Work to be completed => No record may be left out; print them all verbatim.

○ ○ ○ ○ ○ ○ ○

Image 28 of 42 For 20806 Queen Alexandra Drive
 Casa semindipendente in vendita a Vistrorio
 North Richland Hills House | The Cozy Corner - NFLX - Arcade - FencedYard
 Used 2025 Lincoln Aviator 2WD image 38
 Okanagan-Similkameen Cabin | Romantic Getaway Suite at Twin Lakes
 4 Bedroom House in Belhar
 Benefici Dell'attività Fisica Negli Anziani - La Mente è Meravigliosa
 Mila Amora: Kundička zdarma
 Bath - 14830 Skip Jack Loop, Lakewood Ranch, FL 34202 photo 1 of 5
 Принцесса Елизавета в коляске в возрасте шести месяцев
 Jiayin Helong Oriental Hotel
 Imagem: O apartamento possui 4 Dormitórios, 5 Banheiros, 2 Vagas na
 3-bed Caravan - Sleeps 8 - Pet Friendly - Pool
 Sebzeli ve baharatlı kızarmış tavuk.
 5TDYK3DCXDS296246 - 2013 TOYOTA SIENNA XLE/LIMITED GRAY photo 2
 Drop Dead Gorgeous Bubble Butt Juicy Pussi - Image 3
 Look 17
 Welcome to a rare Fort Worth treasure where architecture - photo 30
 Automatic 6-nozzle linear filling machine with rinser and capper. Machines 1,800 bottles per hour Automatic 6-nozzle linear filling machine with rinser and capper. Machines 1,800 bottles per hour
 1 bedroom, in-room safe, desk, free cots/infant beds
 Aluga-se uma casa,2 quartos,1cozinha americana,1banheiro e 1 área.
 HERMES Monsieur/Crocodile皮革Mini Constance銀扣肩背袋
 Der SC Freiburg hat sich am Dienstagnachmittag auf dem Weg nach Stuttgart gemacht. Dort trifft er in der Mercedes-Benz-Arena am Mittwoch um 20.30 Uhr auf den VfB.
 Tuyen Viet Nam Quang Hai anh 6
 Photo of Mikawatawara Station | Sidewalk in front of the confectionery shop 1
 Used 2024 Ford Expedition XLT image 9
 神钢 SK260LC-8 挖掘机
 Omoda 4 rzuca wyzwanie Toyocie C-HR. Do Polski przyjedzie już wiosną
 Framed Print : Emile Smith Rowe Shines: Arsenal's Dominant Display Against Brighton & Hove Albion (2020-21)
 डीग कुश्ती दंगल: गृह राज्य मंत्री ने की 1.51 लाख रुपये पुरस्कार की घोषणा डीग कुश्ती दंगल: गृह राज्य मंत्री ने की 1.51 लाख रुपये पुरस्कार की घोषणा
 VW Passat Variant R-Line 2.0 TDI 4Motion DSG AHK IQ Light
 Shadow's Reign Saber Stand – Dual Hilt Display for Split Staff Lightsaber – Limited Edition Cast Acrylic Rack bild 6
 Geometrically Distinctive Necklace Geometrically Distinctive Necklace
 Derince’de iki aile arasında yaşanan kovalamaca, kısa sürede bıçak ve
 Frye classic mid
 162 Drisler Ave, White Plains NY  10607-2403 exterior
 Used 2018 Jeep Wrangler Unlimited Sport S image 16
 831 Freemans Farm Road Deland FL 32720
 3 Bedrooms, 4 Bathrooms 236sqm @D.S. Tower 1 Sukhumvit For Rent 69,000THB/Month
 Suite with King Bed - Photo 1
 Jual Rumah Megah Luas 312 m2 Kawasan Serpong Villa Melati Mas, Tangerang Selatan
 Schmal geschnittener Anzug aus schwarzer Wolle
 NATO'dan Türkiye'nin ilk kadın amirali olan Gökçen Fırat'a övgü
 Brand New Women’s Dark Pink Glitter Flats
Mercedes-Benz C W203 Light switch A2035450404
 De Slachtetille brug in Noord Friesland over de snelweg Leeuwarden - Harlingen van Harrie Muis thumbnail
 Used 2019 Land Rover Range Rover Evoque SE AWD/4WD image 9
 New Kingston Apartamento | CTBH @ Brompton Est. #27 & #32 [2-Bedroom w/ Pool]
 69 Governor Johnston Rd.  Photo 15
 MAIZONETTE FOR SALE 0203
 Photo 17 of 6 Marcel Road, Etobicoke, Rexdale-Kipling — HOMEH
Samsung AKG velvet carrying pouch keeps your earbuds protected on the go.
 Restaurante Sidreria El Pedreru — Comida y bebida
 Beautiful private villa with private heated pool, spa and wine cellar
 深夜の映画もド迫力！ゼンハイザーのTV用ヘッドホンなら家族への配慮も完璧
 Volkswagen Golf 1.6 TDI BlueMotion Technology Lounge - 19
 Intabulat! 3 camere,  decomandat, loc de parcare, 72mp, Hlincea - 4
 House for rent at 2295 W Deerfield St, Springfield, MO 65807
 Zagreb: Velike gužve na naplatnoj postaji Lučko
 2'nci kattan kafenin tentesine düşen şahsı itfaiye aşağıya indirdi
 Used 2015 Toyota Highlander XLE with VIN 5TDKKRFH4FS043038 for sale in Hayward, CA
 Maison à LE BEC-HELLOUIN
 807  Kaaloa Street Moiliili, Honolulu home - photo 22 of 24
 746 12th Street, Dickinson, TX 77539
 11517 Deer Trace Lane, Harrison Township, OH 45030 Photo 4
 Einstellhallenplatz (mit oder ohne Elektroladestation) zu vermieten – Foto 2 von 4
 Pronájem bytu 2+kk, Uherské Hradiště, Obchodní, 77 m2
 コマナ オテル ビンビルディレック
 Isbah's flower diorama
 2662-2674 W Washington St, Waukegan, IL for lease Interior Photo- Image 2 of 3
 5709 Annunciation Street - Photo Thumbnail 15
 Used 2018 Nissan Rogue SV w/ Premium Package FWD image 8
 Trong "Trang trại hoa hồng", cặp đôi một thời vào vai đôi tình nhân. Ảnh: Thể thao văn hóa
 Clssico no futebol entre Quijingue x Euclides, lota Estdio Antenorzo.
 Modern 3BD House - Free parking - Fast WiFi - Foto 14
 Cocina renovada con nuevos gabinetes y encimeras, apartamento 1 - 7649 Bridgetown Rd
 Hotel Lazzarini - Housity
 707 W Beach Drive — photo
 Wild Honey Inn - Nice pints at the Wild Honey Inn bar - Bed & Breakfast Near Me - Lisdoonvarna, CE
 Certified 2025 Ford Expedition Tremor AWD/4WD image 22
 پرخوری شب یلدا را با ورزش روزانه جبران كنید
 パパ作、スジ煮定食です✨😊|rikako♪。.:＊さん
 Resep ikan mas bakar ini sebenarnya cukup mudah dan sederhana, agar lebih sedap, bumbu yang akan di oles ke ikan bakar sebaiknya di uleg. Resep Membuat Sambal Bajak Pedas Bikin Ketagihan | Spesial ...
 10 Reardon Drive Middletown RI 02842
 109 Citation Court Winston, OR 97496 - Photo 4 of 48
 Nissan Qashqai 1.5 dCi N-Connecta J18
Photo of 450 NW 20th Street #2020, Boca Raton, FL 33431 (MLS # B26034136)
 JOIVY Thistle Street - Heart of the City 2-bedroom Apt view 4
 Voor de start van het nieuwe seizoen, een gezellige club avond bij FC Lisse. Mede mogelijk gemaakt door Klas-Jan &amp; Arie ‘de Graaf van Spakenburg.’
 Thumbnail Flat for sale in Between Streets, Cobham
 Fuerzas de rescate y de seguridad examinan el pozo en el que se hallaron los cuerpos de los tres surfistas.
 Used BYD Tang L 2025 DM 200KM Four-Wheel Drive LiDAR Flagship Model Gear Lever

○ ○ ○ ○ ○ ○ ○

Task response =>
Image 28 of 42 For 20806 Queen Alexandra Drive
 Casa semindipendente in vendita a Vistrorio
 North Richland Hills House | The Cozy Corner - NFLX - Arcade - FencedYard
 Used 2025 Lincoln Aviator 2WD image 38
 Okanagan-Similkameen Cabin | Romantic Getaway Suite at Twin Lakes
 4 Bedroom House in Belhar
 Benefici Dell'attività Fisica Negli Anziani - La Mente è Meravigliosa
 Mila Amora: Kundička zdarma
 Bath - 14830 Skip Jack Loop, Lakewood Ranch, FL 34202 photo 1 of 5
 Принцесса Елизавета в коляске в возрасте шести месяцев
 Jiayin Helong Oriental Hotel
 Imagem: O apartamento possui 4 Dormitórios, 5 Banheiros, 2 Vagas na
 3-bed Caravan - Sleeps 8 - Pet Friendly - Pool
 Sebzeli ve baharatlı kızarmış tavuk.
 5TDYK3DCXDS296246 - 2013 TOYOTA SIENNA XLE/LIMITED GRAY photo 2
 Drop Dead Gorgeous Bubble Butt Juicy Pussi - Image 3
 Look 17
 Welcome to a rare Fort Worth treasure where architecture - photo 30
 Automatic 6-nozzle linear filling machine with rinser and capper. Machines 1,800 bottles per hour Automatic 6-nozzle linear filling machine with rinser and capper. Machines 1,800 bottles per hour
 1 bedroom, in-room safe, desk, free cots/infant beds
 Aluga-se uma casa,2 quartos,1cozinha americana,1banheiro e 1 área.
 HERMES Monsieur/Crocodile皮革Mini Constance銀扣肩背袋
 Der SC Freiburg hat sich am Dienstagnachmittag auf dem Weg nach Stuttgart gemacht. Dort trifft er in der Mercedes-Benz-Arena am Mittwoch um 20.30 Uhr auf den VfB.
 Tuyen Viet Nam Quang Hai anh 6
 Photo of Mikawatawara Station | Sidewalk in front of the confectionery shop 1
 Used 2024 Ford Expedition XLT image 9
 神钢 SK260LC-8 挖掘机
 Omoda 4 rzuca wyzwanie Toyocie C-HR. Do Polski przyjedzie już wiosną
 Framed Print : Emile Smith Rowe Shines: Arsenal's Dominant Display Against Brighton & Hove Albion (2020-21)
 डीग कुश्ती दंगल: गृह राज्य मंत्री ने की 1.51 लाख रुपये पुरस्कार की घोषणा डीग कुश्ती दंगल: गृह राज्य मंत्री ने की 1.51 लाख रुपये पुरस्कार की घोषणा
 VW Passat Variant R-Line 2.0 TDI 4Motion DSG AHK IQ Light
 Shadow's Reign Saber Stand – Dual Hilt Display for Split Staff Lightsaber – Limited Edition Cast Acrylic Rack bild 6
 Geometrically Distinctive Necklace Geometrically Distinctive Necklace
 Derince’de iki aile arasında yaşanan kovalamaca, kısa sürede bıçak ve
 Frye classic mid
 162 Drisler Ave, White Plains NY  10607-2403 exterior
 Used 2018 Jeep Wrangler Unlimited Sport S image 16
 831 Freemans Farm Road Deland FL 32720
 3 Bedrooms, 4 Bathrooms 236sqm @D.S. Tower 1 Sukhumvit For Rent 69,000THB/Month
 Suite with King Bed - Photo 1
 Jual Rumah Megah Luas 312 m2 Kawasan Serpong Villa Melati Mas, Tangerang Selatan
 Schmal geschnittener Anzug aus schwarzer Wolle
 NATO'dan Türkiye'nin ilk kadın amirali olan Gökçen Fırat'a övgü
 Brand New Women’s Dark Pink Glitter Flats
Mercedes-Benz C W203 Light switch A2035450404
 De Slachtetille brug in Noord Friesland over de snelweg Leeuwarden - Harlingen van Harrie Muis thumbnail
 Used 2019 Land Rover Range Rover Evoque SE AWD/4WD image 9
 New Kingston Apartamento | CTBH @ Brompton Est. #27 & #32 [2-Bedroom w/ Pool]
 69 Governor Johnston Rd.  Photo 15
 MAIZONETTE FOR SALE 0203
 Photo 17 of 6 Marcel Road, Etobicoke, Rexdale-Kipling — HOMEH
Samsung AKG velvet carrying pouch keeps your earbuds protected on the go.
 Restaurante Sidreria El Pedreru — Comida y bebida
 Beautiful private villa with private heated pool, spa and wine cellar
 深夜の映画もド迫力！ゼンハイザーのTV用ヘッドホンなら家族への配慮も完璧
 Volkswagen Golf 1.6 TDI BlueMotion Technology Lounge - 19
 Intabulat! 3 camere,  decomandat, loc de parcare, 72mp, Hlincea - 4
 House for rent at 2295 W Deerfield St, Springfield, MO 65807
 Zagreb: Velike gužve na naplatnoj postaji Lučko
 2'nci kattan kafenin tentesine düşen şahsı itfaiye aşağıya indirdi
 Used 2015 Toyota Highlander XLE with VIN 5TDKKRFH4FS043038 for sale in Hayward, CA
 Maison à LE BEC-HELLOUIN
 807  Kaaloa Street Moiliili, Honolulu home - photo 22 of 24
 746 12th Street, Dickinson, TX 77539
 11517 Deer Trace Lane, Harrison Township, OH 45030 Photo 4
 Einstellhallenplatz (mit oder ohne Elektroladestation) zu vermieten – Foto 2 von 4
 Pronájem bytu 2+kk, Uherské Hradiště, Obchodní, 77 m2
 コマナ オテル ビンビルディレック
 Isbah's flower diorama
 2662-2674 W Washington St, Waukegan, IL for lease Interior Photo- Image 2 of 3
 5709 Annunciation Street - Photo Thumbnail 15
 Used 2018 Nissan Rogue SV w/ Premium Package FWD image 8
 Trong "Trang trại hoa hồng", cặp đôi một thời vào vai đôi tình nhân. Ảnh: Thể thao văn hóa
 Clssico no futebol entre Quijingue x Euclides, lota Estdio Antenorzo.
 Modern 3BD House - Free parking - Fast WiFi - Foto 14
 Cocina renovada con nuevos gabinetes y encimeras, apartamento 1 - 7649 Bridgetown Rd
 Hotel Lazzarini - Housity
 707 W Beach Drive — photo
 Wild Honey Inn - Nice pints at the Wild Honey Inn bar - Bed & Breakfast Near Me - Lisdoonvarna, CE
 Certified 2025 Ford Expedition Tremor AWD/4WD image 22
 پرخوری شب یلدا را با ورزش روزانه جبران كنید
 パパ作、スジ煮定食です✨😊|rikako♪。.:＊さん
 Resep ikan mas bakar ini sebenarnya cukup mudah dan sederhana, agar lebih sedap, bumbu yang akan di oles ke ikan bakar sebaiknya di uleg. Resep Membuat Sambal Bajak Pedas Bikin Ketagihan | Spesial ...
 10 Reardon Drive Middletown RI 02842
 109 Citation Court Winston, OR 97496 - Photo 4 of 48
 Nissan Qashqai 1.5 dCi N-Connecta J18
Photo of 450 NW 20th Street #2020, Boca Raton, FL 33431 (MLS # B26034136)
 JOIVY Thistle Street - Heart of the City 2-bedroom Apt view 4
 Voor de start van het nieuwe seizoen, een gezellige club avond bij FC Lisse. Mede mogelijk gemaakt door Klas-Jan &amp; Arie ‘de Graaf van Spakenburg.’
 Thumbnail Flat for sale in Between Streets, Cobham
 Fuerzas de rescate y de seguridad examinan el pozo en el que se hallaron los cuerpos de los tres surfistas.
 Used BYD Tang L 2025 DM 200KM Four-Wheel Drive LiDAR Flagship Model Gear Lever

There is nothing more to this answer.